Да, здесь тоже шла своя стройка, маленькая, скромная, чистая, пахнущая не кипящим бетоном, а стружкой и смолой. Эта стройка крошечным, но необходимым ручейком вливалась в огромную реку большого строительства. И я с внезапным уважением оглядел домики новорожденного поселка.

Постепенно я забрел на улицу Парижской коммуны. Не было на ней знаменитых коз Любы и Розы, наша дача потемнела, пообветшала. А в доме напротив жила когда-то худенькая и стройная восьмиклассница, казавшаяся мне очень взрослой. За этим забором жила Джемма моего детства.

А может быть, она уже не жила здесь. И недолго раздумывая я постучался в калитку. Тихо… Никто не открывал. Волнуясь, придав лицу выражение неестественно-официальное, я ждал у калитки. Прошуршали в траве шаги.

Но это были не те шаги. Это были шаги пожилых, никуда не торопящихся ног, обутых в шлепанцы.

Очень долго возились с задвижкой. Наконец открыли.

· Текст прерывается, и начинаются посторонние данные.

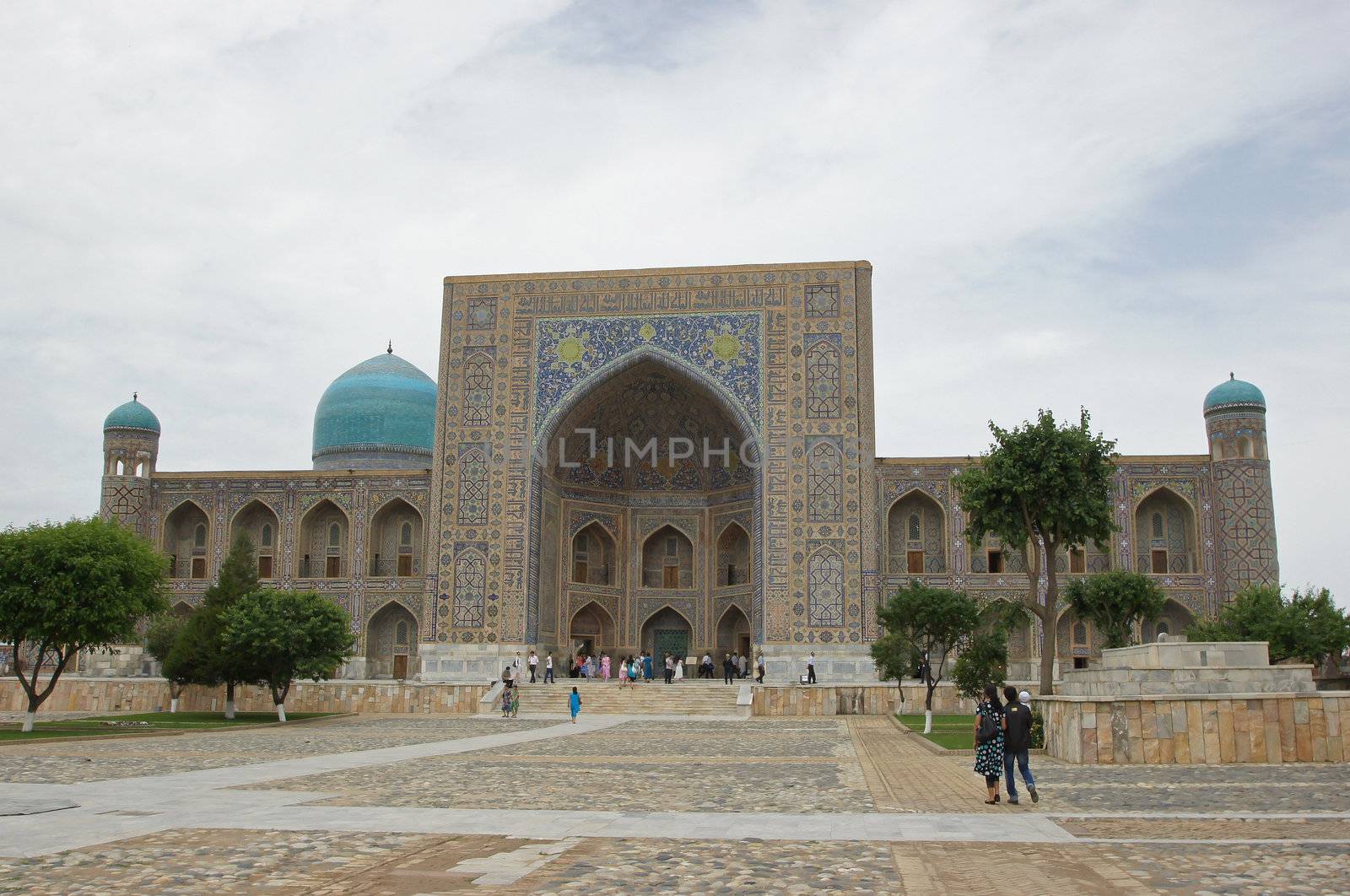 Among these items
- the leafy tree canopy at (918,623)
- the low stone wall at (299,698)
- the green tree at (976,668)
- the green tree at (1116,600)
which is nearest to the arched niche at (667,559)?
the low stone wall at (299,698)

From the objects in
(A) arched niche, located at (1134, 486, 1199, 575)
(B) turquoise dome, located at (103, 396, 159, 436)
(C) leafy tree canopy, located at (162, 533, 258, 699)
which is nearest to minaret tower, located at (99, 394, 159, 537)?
(B) turquoise dome, located at (103, 396, 159, 436)

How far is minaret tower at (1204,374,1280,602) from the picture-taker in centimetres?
3103

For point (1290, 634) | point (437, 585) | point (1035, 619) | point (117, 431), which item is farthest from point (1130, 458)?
point (117, 431)

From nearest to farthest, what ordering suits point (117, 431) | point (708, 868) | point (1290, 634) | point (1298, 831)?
point (708, 868) → point (1298, 831) → point (1290, 634) → point (117, 431)

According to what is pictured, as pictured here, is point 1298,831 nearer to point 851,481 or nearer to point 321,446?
→ point 851,481

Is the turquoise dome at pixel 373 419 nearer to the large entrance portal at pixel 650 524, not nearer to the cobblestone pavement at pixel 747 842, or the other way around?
the large entrance portal at pixel 650 524

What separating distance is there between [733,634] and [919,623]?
10615 millimetres

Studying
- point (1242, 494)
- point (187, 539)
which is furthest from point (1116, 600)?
point (187, 539)

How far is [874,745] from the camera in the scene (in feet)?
52.0

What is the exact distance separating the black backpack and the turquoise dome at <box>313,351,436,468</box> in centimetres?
3220

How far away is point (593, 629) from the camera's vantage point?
113 feet

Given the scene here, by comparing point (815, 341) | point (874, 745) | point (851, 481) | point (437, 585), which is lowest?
point (874, 745)

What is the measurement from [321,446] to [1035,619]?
22932 millimetres

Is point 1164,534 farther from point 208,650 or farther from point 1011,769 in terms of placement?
point 1011,769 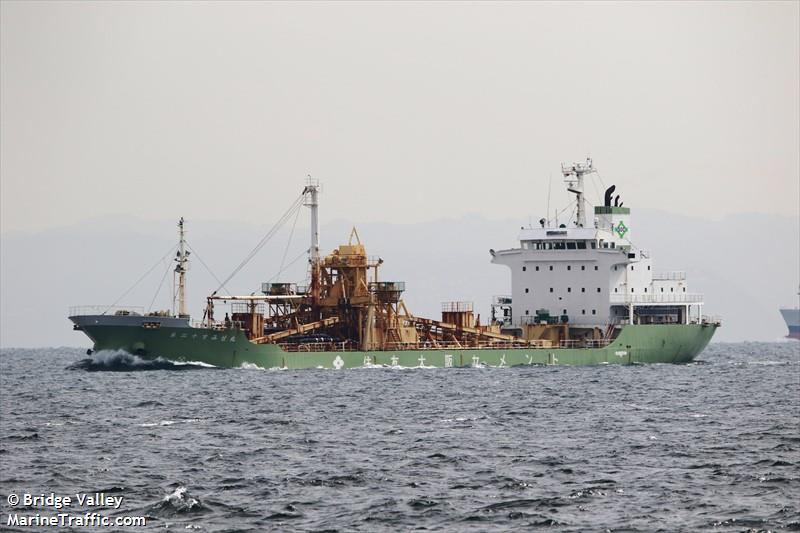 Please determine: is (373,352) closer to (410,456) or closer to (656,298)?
(656,298)

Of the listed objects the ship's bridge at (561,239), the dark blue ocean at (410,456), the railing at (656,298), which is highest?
the ship's bridge at (561,239)

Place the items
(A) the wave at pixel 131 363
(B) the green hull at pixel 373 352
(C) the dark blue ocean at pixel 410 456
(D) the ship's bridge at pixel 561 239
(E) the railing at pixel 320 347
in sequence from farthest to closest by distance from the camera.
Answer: (D) the ship's bridge at pixel 561 239
(E) the railing at pixel 320 347
(A) the wave at pixel 131 363
(B) the green hull at pixel 373 352
(C) the dark blue ocean at pixel 410 456

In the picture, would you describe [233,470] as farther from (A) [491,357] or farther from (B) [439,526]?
(A) [491,357]

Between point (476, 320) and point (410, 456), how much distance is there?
45.6 m

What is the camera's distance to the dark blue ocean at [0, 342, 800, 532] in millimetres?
25625

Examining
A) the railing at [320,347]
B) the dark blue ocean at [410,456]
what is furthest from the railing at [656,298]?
the dark blue ocean at [410,456]

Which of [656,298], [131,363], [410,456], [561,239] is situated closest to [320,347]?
[131,363]

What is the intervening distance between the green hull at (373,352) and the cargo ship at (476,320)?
0.05 meters

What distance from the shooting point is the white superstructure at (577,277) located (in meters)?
77.0

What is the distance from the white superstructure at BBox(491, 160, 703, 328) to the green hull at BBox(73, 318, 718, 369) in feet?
6.55

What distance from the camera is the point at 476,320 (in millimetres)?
78375

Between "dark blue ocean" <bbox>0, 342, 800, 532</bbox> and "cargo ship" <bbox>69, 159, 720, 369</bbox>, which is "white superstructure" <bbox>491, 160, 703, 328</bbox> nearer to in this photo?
"cargo ship" <bbox>69, 159, 720, 369</bbox>

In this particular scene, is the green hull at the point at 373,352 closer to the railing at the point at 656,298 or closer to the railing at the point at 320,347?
the railing at the point at 320,347

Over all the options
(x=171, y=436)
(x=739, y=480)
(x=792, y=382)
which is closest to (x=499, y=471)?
(x=739, y=480) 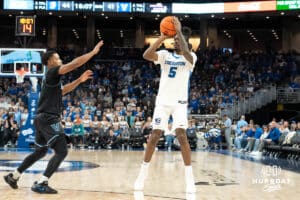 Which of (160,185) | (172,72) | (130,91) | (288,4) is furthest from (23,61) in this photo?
(288,4)

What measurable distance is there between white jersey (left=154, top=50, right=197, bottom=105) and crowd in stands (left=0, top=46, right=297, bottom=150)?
11.2 metres

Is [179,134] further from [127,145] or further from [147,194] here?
[127,145]

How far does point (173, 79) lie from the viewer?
20.1ft

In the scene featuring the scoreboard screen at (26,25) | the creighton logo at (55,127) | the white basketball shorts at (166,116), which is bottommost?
the creighton logo at (55,127)

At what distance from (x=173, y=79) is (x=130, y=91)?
20.1 meters

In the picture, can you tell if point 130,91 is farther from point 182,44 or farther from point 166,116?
point 182,44

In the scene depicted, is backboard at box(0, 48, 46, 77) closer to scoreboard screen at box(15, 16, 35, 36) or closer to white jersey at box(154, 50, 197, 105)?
scoreboard screen at box(15, 16, 35, 36)

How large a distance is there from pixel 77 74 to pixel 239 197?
→ 24102 mm

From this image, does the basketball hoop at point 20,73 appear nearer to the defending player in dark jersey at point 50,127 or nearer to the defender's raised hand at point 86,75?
the defending player in dark jersey at point 50,127

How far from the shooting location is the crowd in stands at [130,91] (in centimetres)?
1908

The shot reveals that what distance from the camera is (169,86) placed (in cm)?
612

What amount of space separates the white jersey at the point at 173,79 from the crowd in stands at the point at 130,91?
1115 centimetres

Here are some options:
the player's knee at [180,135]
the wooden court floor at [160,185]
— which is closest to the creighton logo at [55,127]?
the wooden court floor at [160,185]

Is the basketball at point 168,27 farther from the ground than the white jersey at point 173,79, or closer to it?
farther from the ground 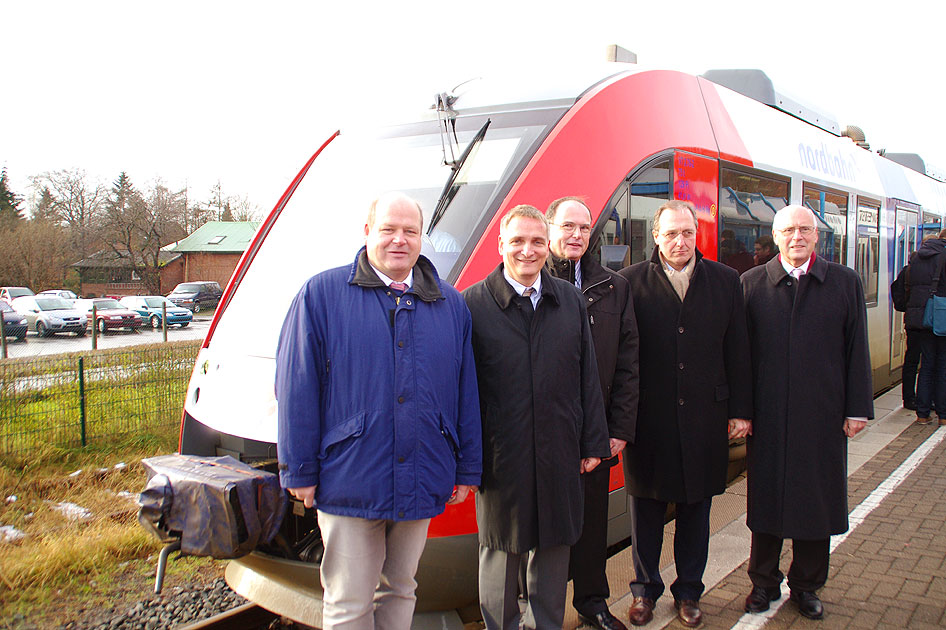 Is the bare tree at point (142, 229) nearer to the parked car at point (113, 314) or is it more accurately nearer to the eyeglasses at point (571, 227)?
the parked car at point (113, 314)

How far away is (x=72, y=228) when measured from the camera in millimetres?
50625

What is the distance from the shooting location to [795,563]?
353cm

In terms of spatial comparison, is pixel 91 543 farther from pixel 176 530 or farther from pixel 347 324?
pixel 347 324

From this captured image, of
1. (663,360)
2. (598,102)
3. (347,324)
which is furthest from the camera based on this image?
(598,102)

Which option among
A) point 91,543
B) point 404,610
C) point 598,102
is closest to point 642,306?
point 598,102

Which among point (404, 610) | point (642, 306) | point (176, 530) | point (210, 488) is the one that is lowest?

Я увидел ее мать. Она стала меньше ростом и заметно постарела. Наклонившись от волнения к самому ее уху, как будто она была глухая, я сказал:

— К Инне можно? К Инне…

«Сейчас скажет: «Инны нет», — думал я. Но она промолчала и сделала жест рукой: «Пройдите». Я пошел по расчищенной аллейке и, прежде чем дошел до дома, увидел высокую девушку, нарядную, в прозрачной кофточке. У нее были те же светлые, холодноватые глаза. У нее были темные подстриженные блестящие волосы, которые казались еще темнее от этих глаз. Вся она была та же и удивительно новая.

— Здравствуй, Инна, — сказал я. — Я закинул мяч на ваш участок, решил его попросить. Неудобно же лезть через забор.

— Здравствуй, Сережа, — ответила она. — Только ты, наверное, ошибся. Ты, может быть, закинул его на соседний участок. Но тем не менее проходи.

Она улыбнулась, сначала чуть иронически, потом приветливо, широко.

— Какой ты стал…

— Какой?

— Не знаю… Большой какой-то… Важный.

— И ты какая-то стала.

— Какая?

— Красивая. Уверенная.

— Красивая я всегда была.

— Хотя правильно. Ты ведь всегда была красивая. Я забыл.

Я поднялся на террасу их дома и увидел сидящего за чайным столом парня. Он был широк в плечах, коренаст, подстрижен бобриком, с карими, немного сумрачными глазами. Одет он был в полосатую рубашку и широченные штаны-клеш, такие уже мало кто носил. Он курил. Он курил как-то очень знакомо, взахлеб, покашливая, — так мог курить только один человек. Я остолбенел.

— Ну, не мне вас знакомить, — сказала Инна.

Я механически, как заведенная кукла, подошел к нему, протянул руку, сказал:

— Здравствуй, Гриша.

Он крепко ее пожал, без всякого удивления, внимательно меня оглядел (будто он ждал меня) и сказал:

— По-моему, изменился мало. Только стал высокий, модный. И в длинных брюках. А длинные брюки тебе идут.

Это была шутка, и полагалось смеяться. Инна и ее мама засмеялись. Но я не засмеялся.

— Ну, уж Гришка скажет! — с восхищением проговорила Инна.

Это была не только шутка. Это было желание снова приблизить меня к тому неумелому слабому мальчику в коротких штанах, который уже давно не существовал.

— Нет, ты ошибаешься, Гриша. По-моему, я изменился. Впрочем, со стороны виднее.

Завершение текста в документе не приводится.